The government’s blow-hot-blow-cold policy approach towards global multi-brand e-retailers such as Amazon and Flipkart is perplexing since, apart from the fact that it is supposed to be trying to attract FDI, the same rules don’t seem to apply to local e-retailers, many of whom also have foreign investors, even if not at the level of the retailing subsidiary. It doesn’t help that these changes—the government insists they are merely clarifications of existing rules—come after global retailers have spent billions of dollars ($16bn in the case of Walmart’s Flipkart acquisition) to set up operations here, and have lakhs of employees as well as local suppliers .
Oddly, the government first allowed global players to set up shop in India via what is called the ‘marketplace model’ even though FDI is not allowed in multi-brand retail. But, after billions of dollars came in to set up millions of square feet of warehouses with world-class logistics, the government changed the rules frequently. In what is the latest change, the industry ministry wants these e-retailers to share details of the top five vendors supplying merchandise on their marketplace, the product categories they supply, their share of overall sales, the kind of support provided by the platform to these sellers (that probably means marketing margins and other commercial arrangements), the share of private labels in overall sales on the platform, where these are sourced from, etc.
One could argue that the government is just trying to ensure the rules are being adhered to, but much of this is privileged information, and can quite easily get leaked to the competition. In any case, if the government can prove its rules are being violated, why doesn’t it take action? The information has been sought following complaints by retailer associations like CAIT, which have alleged FDI norms are being flouted; they argue that while FDI is not allowed in multi-brand retail, these marketplaces are surreptitiously funding ‘deep discounting’, which is what is making customer flock to online marketplaces.
Having got the large investment, it would appear the government doesn’t want to antagonise local retailers—also a big voter constituency. So, after it looked the other way when FDI came in by the billions using the fiction called the ‘marketplace’ model, the rules were changed—last December—to ensure that supplies by a vendor on a marketplace were capped at 25% if they had a common FDI parent. The new policy also prohibited e-tailers from exclusive tie-up with suppliers, like a mobile phone manufacturer, for instance. The rules also decreed that marketplaces should not discount prices, only manufacturers or sellers are allowed to do that.

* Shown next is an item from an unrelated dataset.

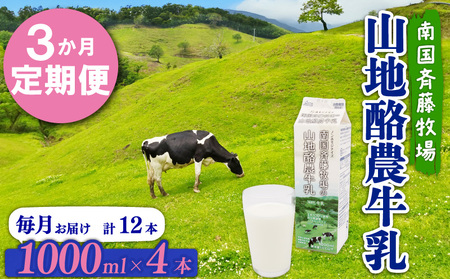 【3か月定期便】山地酪農牛乳1L×4本 バターができる ミルク 低温殺菌 生乳100％ 成分無調整 牛乳 高知県 南国市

While it is not clear what an appropriate or fair level of discounting is, amazingly, the same rules do not apply to local e-commerce platforms—many of whom also have foreign investment at the parent level—like those of Reliance Retail or Future Group. Also, ‘deep discounting’ has been permitted in other sectors; while incumbent telcos argued that RJio was indulging in predatory pricing by offering free calls and unbelievably low data-rates, even the Competition Commission of India (CCI) refused to act on this. Indeed, while this was justified by arguing that RJio’s market share was too low for it to be indulging in predatory pricing, the same should also apply to online e-retailers who have a market share of 1-2%.

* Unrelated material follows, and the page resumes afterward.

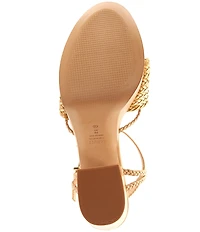 Schutz Kalina Woven Leather Knotted Platform Block Heel Sandals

Also, since the government view was that consumers were benefitting from low tariffs, the same logic should hold for online shopping. It is true that foreign e-retailers have access to capital, but they are also investing billions of dollars in India, and thereby creating lakhs of jobs and allowing lakhs of MSMEs to find buyers across the country. If the government wants the huge amounts of FDI flowing into the e-commerce space, which it appears it does, it must stop pandering to every whim of local retailers; local retailers must learn to live with the competition just as steelmakers must stop demanding protection from imported products if the latter are cheaper.